Name games won’t help
The proposed economic agreement with China has turned into an acronym game (“Ma seeks to settle disputes over economic agreement,” Feb. 28, page 1). President Ma Ying-jeou (馬英九) is trying to settle the controversy by changing the name “comprehensive economic cooperation agreement” (CECA) to “economic cooperation framework agreement” (ECFA).
It is risky to name an agreement without knowing its content. A bottle of “methanol” should not be labeled “ethanol” even if both are alcohols.
The word “framework” is even worse than the word “comprehensive.” The former will remind people of the phrase “one China framework.”
Chinese President Hu Jintao (胡錦濤) has demanded the “one China framework” be the basis for an economic agreement.
Yet the Ma administration has denied this and reiterates that the agreement would have nothing to do with sovereignty.

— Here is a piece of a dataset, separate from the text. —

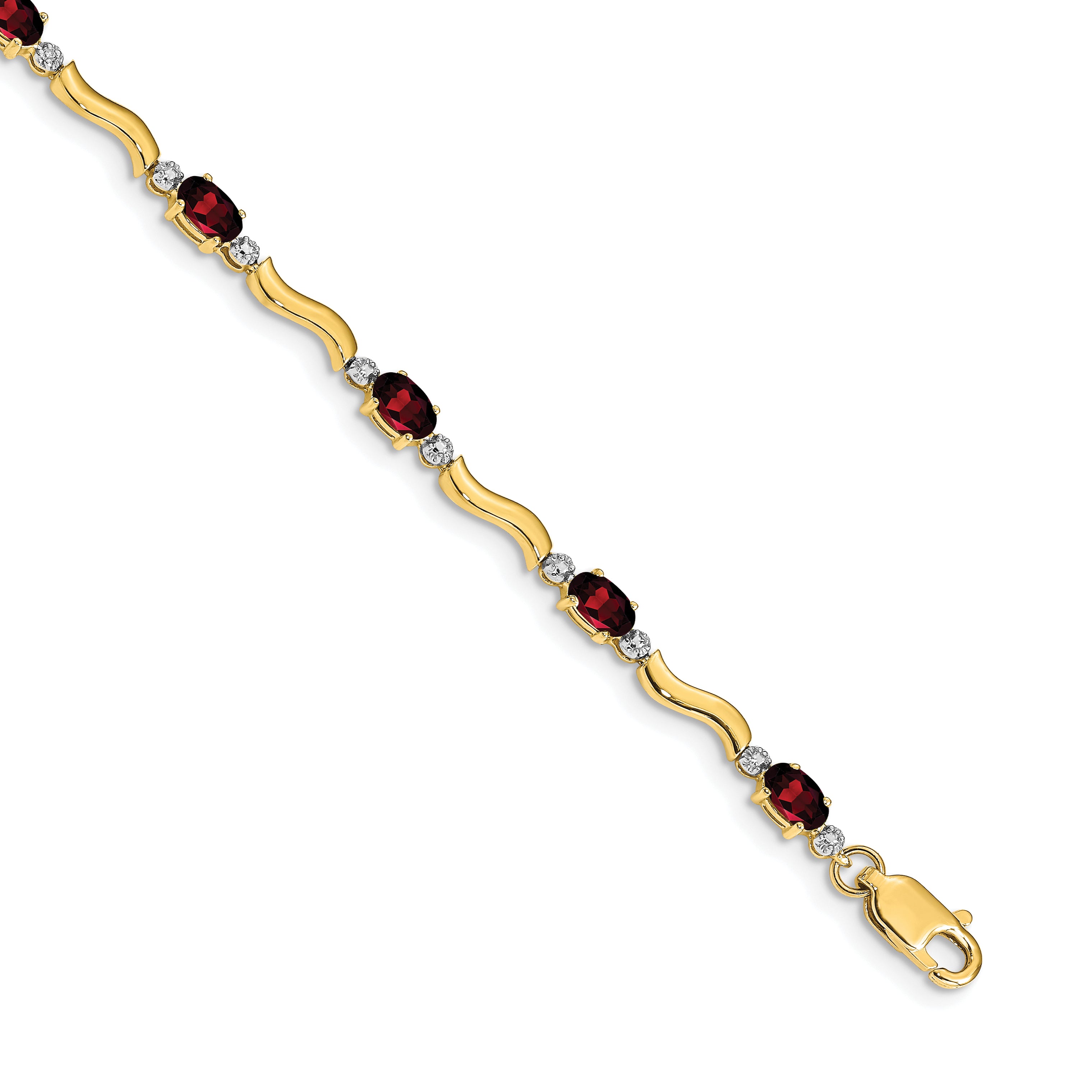 14k Fancy Diamond and Garnet Bracelet Main image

The majority of Taiwanese have lost confidence in Ma. During the presidential election, Ma pledged not to negotiate with China unless it dismantled the 1,300 missiles it has deployed across the Taiwan Strait. But since he took office, China has increased the number of missiles aimed at Taiwan to 1,500.
“ECFA” is supposedly better than “CECA” because the former sounds like “the country will get rich” and the latter sounds like “washing your feet” in Hoklo (also known as Taiwanese).
But you could also say ECFA sounds like a method for dying (literally “will die method”) and CECA sounds like “four-legged,” referring to beasts.
But nobody will know what the deal is about until details are made public.
A more effective way to settle the controversy over the economic agreement would be for the Ma administration to ask Hu to take back his remarks about the “one China framework.”
This might help, but would not be fully convincing, since China’s promises to Hong Kong have been broken.